**Exercise brief**
Below are lines of data; restate word for word those running from the line containing "kate spade new" to the line containing "Manchette Wrap Noire", inclusive, and no others.

Items from a dataset
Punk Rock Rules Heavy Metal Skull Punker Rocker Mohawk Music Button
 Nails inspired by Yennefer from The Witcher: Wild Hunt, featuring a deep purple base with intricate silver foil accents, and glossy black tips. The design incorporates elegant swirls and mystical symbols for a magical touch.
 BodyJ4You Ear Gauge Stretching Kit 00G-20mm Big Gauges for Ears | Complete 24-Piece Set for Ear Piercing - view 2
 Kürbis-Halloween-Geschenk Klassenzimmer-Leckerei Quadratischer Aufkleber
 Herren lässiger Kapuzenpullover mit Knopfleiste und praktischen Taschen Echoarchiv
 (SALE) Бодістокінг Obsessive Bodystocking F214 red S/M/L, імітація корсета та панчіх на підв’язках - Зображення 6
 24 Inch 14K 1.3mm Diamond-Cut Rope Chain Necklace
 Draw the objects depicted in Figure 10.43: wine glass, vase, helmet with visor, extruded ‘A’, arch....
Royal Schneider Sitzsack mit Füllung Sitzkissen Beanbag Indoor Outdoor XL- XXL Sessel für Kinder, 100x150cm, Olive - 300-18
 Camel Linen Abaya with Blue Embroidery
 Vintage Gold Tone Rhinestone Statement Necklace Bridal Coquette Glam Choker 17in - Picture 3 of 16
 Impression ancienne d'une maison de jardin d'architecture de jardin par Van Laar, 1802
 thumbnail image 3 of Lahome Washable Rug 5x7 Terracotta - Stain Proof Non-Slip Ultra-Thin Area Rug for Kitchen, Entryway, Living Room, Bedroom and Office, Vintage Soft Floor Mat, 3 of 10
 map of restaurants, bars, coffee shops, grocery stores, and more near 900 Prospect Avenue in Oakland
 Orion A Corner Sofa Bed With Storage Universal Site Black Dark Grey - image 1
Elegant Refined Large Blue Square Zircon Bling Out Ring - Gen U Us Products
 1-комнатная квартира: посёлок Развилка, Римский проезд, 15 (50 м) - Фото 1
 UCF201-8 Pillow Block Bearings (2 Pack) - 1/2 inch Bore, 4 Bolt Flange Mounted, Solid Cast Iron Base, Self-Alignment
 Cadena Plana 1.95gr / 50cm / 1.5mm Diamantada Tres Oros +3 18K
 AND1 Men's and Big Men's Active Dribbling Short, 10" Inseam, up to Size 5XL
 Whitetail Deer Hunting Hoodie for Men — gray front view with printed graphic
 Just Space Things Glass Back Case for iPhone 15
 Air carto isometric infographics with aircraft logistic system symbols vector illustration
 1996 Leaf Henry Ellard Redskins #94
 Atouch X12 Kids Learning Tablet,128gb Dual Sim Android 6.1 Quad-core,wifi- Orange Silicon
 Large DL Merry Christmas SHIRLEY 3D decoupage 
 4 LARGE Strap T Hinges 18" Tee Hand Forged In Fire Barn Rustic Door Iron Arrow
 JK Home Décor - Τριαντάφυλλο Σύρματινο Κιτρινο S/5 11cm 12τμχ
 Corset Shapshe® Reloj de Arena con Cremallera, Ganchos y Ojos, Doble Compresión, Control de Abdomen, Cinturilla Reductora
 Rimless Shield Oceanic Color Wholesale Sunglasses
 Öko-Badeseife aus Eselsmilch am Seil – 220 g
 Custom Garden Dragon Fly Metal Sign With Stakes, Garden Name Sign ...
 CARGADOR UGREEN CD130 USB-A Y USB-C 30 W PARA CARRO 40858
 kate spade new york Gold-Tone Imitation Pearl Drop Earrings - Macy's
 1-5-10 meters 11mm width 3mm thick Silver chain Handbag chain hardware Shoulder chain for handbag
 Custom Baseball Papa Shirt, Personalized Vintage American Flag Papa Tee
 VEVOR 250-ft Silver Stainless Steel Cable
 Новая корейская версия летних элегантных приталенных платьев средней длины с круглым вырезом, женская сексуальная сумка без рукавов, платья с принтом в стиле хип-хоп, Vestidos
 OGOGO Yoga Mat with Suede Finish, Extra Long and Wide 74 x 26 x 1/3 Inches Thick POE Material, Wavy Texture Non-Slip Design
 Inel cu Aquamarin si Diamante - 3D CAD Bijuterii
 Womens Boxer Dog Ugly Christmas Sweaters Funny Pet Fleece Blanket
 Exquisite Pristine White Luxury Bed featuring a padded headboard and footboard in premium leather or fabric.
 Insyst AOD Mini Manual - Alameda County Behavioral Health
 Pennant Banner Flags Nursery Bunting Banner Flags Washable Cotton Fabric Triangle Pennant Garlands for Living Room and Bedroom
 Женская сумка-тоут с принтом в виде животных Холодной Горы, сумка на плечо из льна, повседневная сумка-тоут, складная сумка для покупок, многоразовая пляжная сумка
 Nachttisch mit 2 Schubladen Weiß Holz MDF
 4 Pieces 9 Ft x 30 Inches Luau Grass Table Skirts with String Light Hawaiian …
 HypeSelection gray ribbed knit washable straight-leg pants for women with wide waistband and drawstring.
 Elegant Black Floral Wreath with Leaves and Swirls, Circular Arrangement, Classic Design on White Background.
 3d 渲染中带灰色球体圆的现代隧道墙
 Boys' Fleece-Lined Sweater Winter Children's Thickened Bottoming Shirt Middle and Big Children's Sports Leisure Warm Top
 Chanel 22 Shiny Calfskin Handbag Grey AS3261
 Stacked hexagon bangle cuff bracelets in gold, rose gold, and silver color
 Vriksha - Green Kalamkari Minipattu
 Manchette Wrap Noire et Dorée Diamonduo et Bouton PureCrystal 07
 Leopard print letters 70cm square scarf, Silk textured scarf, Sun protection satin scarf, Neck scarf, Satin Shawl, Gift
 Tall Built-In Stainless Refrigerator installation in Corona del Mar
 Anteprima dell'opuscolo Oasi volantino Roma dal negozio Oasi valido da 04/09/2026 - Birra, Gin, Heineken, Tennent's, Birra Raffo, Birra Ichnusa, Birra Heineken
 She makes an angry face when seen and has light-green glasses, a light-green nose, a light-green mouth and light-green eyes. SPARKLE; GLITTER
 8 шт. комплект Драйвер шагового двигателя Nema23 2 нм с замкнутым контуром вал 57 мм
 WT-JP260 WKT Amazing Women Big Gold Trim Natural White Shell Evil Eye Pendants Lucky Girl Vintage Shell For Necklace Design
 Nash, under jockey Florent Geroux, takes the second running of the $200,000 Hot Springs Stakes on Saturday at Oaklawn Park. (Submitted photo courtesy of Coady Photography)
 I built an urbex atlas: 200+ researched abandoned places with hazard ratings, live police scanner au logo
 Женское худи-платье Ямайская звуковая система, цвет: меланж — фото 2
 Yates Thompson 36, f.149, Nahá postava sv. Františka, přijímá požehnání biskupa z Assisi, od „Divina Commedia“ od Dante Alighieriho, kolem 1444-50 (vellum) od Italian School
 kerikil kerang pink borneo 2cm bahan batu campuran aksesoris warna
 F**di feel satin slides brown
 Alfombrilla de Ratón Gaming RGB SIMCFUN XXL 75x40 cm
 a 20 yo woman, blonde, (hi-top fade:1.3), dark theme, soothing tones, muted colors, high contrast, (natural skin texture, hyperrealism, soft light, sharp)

**Exercise output**
 kate spade new york Gold-Tone Imitation Pearl Drop Earrings - Macy's
 1-5-10 meters 11mm width 3mm thick Silver chain Handbag chain hardware Shoulder chain for handbag
 Custom Baseball Papa Shirt, Personalized Vintage American Flag Papa Tee
 VEVOR 250-ft Silver Stainless Steel Cable
 Новая корейская версия летних элегантных приталенных платьев средней длины с круглым вырезом, женская сексуальная сумка без рукавов, платья с принтом в стиле хип-хоп, Vestidos
 OGOGO Yoga Mat with Suede Finish, Extra Long and Wide 74 x 26 x 1/3 Inches Thick POE Material, Wavy Texture Non-Slip Design
 Inel cu Aquamarin si Diamante - 3D CAD Bijuterii
 Womens Boxer Dog Ugly Christmas Sweaters Funny Pet Fleece Blanket
 Exquisite Pristine White Luxury Bed featuring a padded headboard and footboard in premium leather or fabric.
 Insyst AOD Mini Manual - Alameda County Behavioral Health
 Pennant Banner Flags Nursery Bunting Banner Flags Washable Cotton Fabric Triangle Pennant Garlands for Living Room and Bedroom
 Женская сумка-тоут с принтом в виде животных Холодной Горы, сумка на плечо из льна, повседневная сумка-тоут, складная сумка для покупок, многоразовая пляжная сумка
 Nachttisch mit 2 Schubladen Weiß Holz MDF
 4 Pieces 9 Ft x 30 Inches Luau Grass Table Skirts with String Light Hawaiian …
 HypeSelection gray ribbed knit washable straight-leg pants for women with wide waistband and drawstring.
 Elegant Black Floral Wreath with Leaves and Swirls, Circular Arrangement, Classic Design on White Background.
 3d 渲染中带灰色球体圆的现代隧道墙
 Boys' Fleece-Lined Sweater Winter Children's Thickened Bottoming Shirt Middle and Big Children's Sports Leisure Warm Top
 Chanel 22 Shiny Calfskin Handbag Grey AS3261
 Stacked hexagon bangle cuff bracelets in gold, rose gold, and silver color
 Vriksha - Green Kalamkari Minipattu
 Manchette Wrap Noire et Dorée Diamonduo et Bouton PureCrystal 07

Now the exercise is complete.